What about taxes on the way out?

Taxed as income. The idea is that you'll probably be in a lower income bracket when you're older.
posted by yerfatma at 4:15 PM on April 11, 2002

I know, I know. But what about MattD's calculations. I'm wondering if he has even a low tax bracket figured in.
posted by Mid at 4:49 PM on April 11, 2002

"Taxed as income. The idea is that you'll probably be in a lower income bracket when you're older."

I don't understand. I would assume that you'd be making more money towards the end of your career. You've either stayed at the same place and gotten raises or you've changed to higher paying jobs because you're more experienced. That was my theory for putting money into a Roth IRA, so that I'm taxed now and get to take it out when I retire (and I'm in a higher tax bracket) tax free. What am I missing?
posted by jaden at 5:03 PM on April 11, 2002

What am I missing?

You retire. Then your income's lower (zero). Then you take distributions from your 401(k) as income, and you're taxed on that.
posted by kirkaracha at 5:25 PM on April 11, 2002

kirckaracha beat me to the punch.
curses, if it weren't for those meddling kids...
posted by juv3nal at 5:29 PM on April 11, 2002

I contribute the absolute minimum I can in order to get the maximum matching funds from my company. (I invest 6% of my pre-tax salary, they match it dollar-for-dollar. If I contributed ten percent, they'd still only match the first six.)

The real problem with that method is that the more money you put in early, the better your investment return will be. You're far better off maxing your contributions early and allowing them to compound than to wait until later. The company which manages my 401(k) (Principal Financial Group has a nice page depicting this which is, unfortunately, in a secure area. Basically, they depict two 401(k) investments over 30 years. One has $20,000 invested over the first 10 years only, the other has $40,000 invested over the last 20 years only (both invest $2,000 per year.) At an equalized rate of return, the $20,000 investment yields a $235,000 return while the $40,000 investment only yields a $126,000 return.

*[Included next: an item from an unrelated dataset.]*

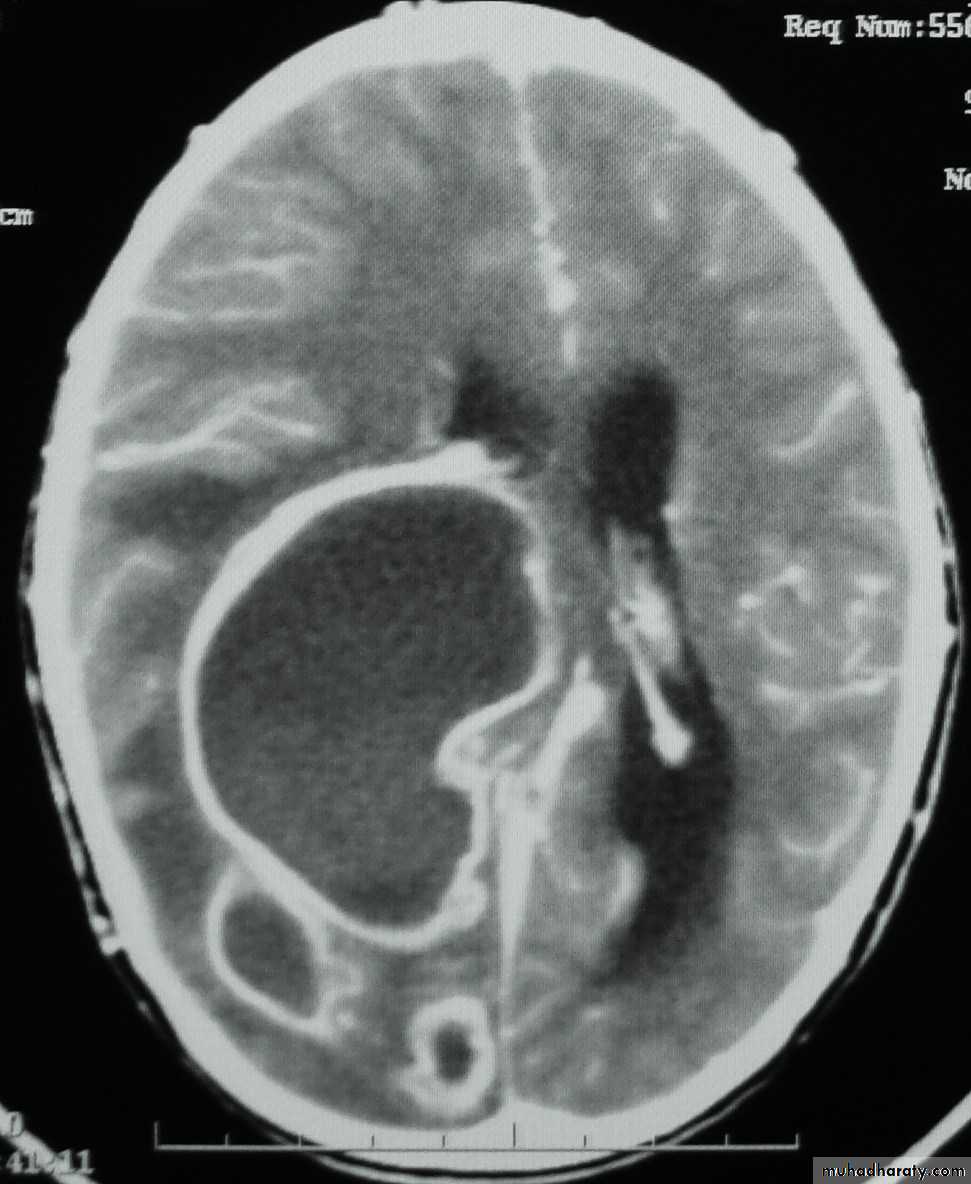 Neurosurgery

Early investment is THE key to 401(k) success. That and keeping your cash out of internet stocks...

My method has thus far been to invest 10% of everything I make and, if the caca hits the old ventilador, take out a loan from my 401(k) to make ends meet - you pay the loan interest back to yourself anyway!
posted by RevGreg at 5:30 PM on April 11, 2002

RevGreg - Tread carefully because there are many downsides to borrowing from your 401k, even when you avoid penalties.

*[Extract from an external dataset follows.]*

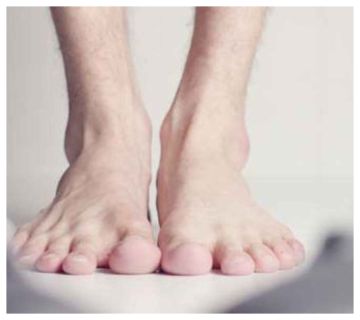 7 علامات على القدمين .. مؤشر لمشاكل صحية خطيرة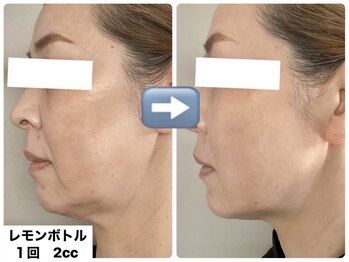 ゼアー(THERE FY.)/脂肪による頬のふくらみに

You have only two repayment options: stick to the plan established at the start or pay it the total remaining balance in one lump sum. There is no in-between.

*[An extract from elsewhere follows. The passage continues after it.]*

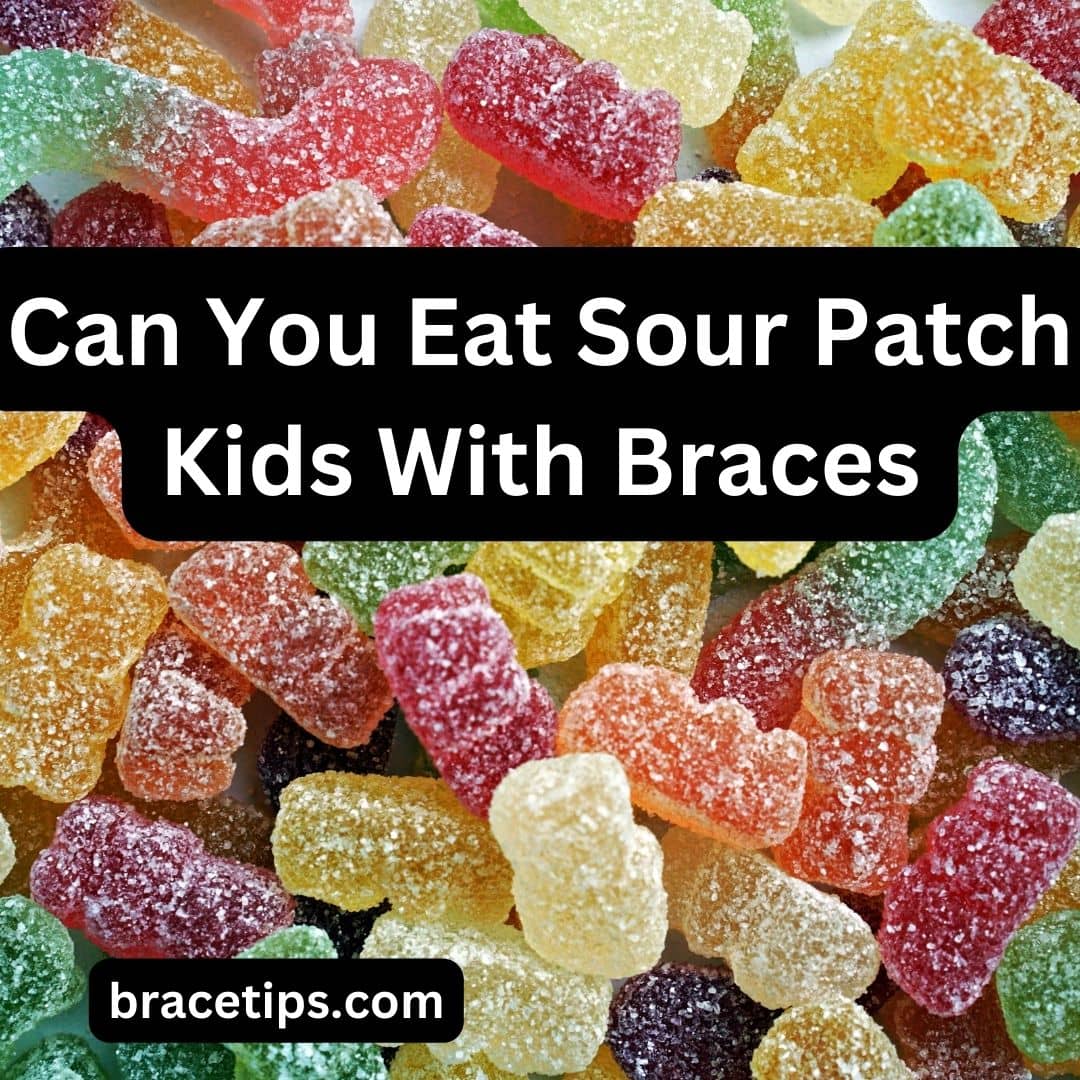 Can You Eat Sour Patch Kids With Braces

Leaving your employer means you have to pay back the entire loan immediately. ouch

Yes, you pay the interest to yourself, but what you take out does not participate in the market and you are buying your own money at a 9% (if memory serves) premium, on top of replacing money that sidestepped taxes with post-tax money.

Save it for last ditch efforts only.
posted by NortonDC at 5:45 PM on April 11, 2002

From the article:"The boom largely benefited the rich, but it hasn't really filtered down that much."

Well, now there's a big surprise for you.

My own personal retirement plan is an early death, so I don't worry too much about this stuff.
posted by briank at 8:00 PM on April 11, 2002

"The boom largely benefited the rich, but it hasn't really filtered down that much."

Not true:
Real wage gains for private-sector workers averaged 1.3% a year, from the beginning of the expansion in March, 1991, to the apparent end of the recession in December, 2001. That's far better than the 0.2% annual wage gain in the 1980s business cycle, from November, 1982, to March, 1991. The gains were also better distributed than in the previous decade. Falling unemployment put many more people to work and swelled salaries across the board: Everyone from top managers to factory workers to hairdressers benefited. Indeed, the past few years have been "the best period of wage growth at the bottom in the last 30 years," says Lawrence F. Katz, a labor economist at Harvard University.
posted by Mick at 7:24 AM on April 12, 2002

Mick, I think the commentator was speaking in terms of 401(k) benefits, not overall wage growth. Seemed that way to me from the context of the article.